**Exercise instructions**
In the entries below, find the line containing "Station Canvas Jacket Colonial Navy Small" and the line containing "Französisch lernen Assimil screenshot 6". Copy those two lines and everything between them exactly, and only that.

*** Opening Data section ***

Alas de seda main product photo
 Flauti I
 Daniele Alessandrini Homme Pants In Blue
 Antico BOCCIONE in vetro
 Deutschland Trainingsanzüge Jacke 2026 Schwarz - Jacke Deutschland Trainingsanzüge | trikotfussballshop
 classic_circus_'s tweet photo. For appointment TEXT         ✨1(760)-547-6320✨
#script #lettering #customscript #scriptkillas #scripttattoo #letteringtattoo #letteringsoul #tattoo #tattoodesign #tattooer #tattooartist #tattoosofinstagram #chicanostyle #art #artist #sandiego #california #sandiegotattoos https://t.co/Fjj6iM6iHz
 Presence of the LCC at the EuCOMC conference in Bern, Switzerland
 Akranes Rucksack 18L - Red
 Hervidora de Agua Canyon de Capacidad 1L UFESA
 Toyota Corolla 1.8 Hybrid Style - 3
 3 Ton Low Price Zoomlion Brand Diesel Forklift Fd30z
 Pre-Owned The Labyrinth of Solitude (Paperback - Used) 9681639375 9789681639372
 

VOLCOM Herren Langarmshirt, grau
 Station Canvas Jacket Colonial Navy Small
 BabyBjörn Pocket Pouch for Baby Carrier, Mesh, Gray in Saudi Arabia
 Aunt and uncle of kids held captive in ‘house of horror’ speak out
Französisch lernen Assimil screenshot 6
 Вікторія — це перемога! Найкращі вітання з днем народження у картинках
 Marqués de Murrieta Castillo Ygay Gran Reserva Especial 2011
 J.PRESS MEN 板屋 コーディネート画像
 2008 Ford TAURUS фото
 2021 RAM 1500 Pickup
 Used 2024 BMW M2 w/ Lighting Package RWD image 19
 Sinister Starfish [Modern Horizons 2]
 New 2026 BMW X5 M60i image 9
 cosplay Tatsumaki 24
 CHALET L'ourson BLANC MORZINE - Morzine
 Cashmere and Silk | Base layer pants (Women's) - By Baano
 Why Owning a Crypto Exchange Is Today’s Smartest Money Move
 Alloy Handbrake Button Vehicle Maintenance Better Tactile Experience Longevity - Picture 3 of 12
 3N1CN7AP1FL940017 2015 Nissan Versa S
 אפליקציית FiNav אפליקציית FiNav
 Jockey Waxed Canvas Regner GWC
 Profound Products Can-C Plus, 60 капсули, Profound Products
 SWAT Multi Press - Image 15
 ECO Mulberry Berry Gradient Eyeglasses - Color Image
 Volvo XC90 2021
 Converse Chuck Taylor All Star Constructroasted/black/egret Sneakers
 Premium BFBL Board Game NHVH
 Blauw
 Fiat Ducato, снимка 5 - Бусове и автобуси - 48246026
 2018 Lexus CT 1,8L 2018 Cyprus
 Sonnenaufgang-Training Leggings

*** Closing Data section ***

**Response to this exercise**
 Station Canvas Jacket Colonial Navy Small
 BabyBjörn Pocket Pouch for Baby Carrier, Mesh, Gray in Saudi Arabia
 Aunt and uncle of kids held captive in ‘house of horror’ speak out
Französisch lernen Assimil screenshot 6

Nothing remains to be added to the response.